Durant tout l’été, à l’occasion du «Raiffeisen Rhône FM Tour», le service des sports part à la rencontre de personnalités valaisannes qui font vivre leur discipline. Ce mercredi 4 août, c’est le lutteur Tanguy Darbellay qui était notre invité en direct de Martigny. Sacré champion de Suisse dans la catégorie des 80 kilos le mois dernier, il est revenu en notre compagnie sur un moment bien moins festif de son parcours.
«Avec mon cerveau suisse, je m’étais dit que d’aller manger dehors ne poserait aucun souci. Je me suis fait avoir comme ça»Tanguy Darbellay
C’était il y a près d’un an jour pour jour.

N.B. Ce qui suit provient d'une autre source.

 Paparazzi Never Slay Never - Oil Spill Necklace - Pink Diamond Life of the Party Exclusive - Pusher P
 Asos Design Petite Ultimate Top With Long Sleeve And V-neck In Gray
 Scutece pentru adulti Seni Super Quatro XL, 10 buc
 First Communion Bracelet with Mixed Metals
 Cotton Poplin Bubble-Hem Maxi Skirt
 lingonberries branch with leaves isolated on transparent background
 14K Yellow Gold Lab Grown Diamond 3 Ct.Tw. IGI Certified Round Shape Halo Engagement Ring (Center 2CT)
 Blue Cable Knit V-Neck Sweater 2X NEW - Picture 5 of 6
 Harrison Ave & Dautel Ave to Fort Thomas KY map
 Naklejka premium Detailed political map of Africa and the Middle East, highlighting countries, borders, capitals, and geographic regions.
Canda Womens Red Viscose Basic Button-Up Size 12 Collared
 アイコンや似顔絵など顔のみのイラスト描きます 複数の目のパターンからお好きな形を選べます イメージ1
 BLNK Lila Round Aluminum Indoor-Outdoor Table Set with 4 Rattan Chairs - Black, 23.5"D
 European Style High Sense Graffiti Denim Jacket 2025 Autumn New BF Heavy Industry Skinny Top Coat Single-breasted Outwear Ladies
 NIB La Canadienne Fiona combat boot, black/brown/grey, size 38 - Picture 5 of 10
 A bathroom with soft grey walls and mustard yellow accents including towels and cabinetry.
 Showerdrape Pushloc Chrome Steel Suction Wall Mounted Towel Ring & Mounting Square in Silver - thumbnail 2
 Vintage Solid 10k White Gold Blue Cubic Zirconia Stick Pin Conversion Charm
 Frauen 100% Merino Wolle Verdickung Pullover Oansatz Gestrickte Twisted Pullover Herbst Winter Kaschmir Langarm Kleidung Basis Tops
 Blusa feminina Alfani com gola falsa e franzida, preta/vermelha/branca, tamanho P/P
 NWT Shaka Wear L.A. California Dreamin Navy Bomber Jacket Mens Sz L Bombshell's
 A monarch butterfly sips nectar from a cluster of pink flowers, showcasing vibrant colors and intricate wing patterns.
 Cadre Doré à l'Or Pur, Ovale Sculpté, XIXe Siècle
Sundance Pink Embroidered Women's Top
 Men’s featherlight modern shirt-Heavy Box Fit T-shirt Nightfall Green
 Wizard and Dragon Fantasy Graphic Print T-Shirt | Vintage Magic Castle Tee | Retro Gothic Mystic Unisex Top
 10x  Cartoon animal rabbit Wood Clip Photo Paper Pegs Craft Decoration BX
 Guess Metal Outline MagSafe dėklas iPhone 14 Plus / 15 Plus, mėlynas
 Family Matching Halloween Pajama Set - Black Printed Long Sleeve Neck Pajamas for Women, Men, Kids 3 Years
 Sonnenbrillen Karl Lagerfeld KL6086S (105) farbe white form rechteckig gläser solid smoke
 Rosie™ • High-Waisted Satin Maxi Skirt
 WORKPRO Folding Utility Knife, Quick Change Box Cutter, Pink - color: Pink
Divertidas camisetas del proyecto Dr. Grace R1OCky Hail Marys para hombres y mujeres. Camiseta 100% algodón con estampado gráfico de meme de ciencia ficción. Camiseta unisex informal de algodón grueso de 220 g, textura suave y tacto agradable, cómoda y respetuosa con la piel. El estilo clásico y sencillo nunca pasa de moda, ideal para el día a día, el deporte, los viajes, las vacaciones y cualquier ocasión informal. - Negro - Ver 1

Nous sommes le 10 août 2020 lorsque le Martignerain, établi depuis l’automne précédent en Biélorussie pour y poursuivre sa progression sportive et étudier le russe se retrouve confronté à la réalité de son «pays d’adoption». Alors qu’il rentre d’un repas au restaurant, il est interpellé par la police en marge des manifestations qui suivent la réélection du président Alexandre Loukachenko. «Avec mon cerveau suisse, je m’étais dit que d’aller manger dehors ne poserait aucun souci comme les résultats devaient tomber le lendemain», se souvient-il. «Sauf qu’il semblerait qu’en Biélorussie, avant même l’annonce des suffrages, il vaut mieux rester chez soi. Je me suis fait avoir comme ça.»
À 21 ans, Tanguy Darbellay est alors conduit dans un fourgon qui l’emmène directement dans une prison de Minsk. «À ce moment-là, beaucoup de pensées se mélangent dans ma tête», souffle-t-il. Derrière les barreaux, une délimitation claire se fait entre les détenus locaux et étrangers. «On n’avait pas droit au même traitement. Tout le monde a pu voir dans les médias le sort qui était réservé aux Biélorusses, notamment sur le plan physique. De notre côté, on a été plutôt épargnés par ça donc on peut s’estimer heureux.»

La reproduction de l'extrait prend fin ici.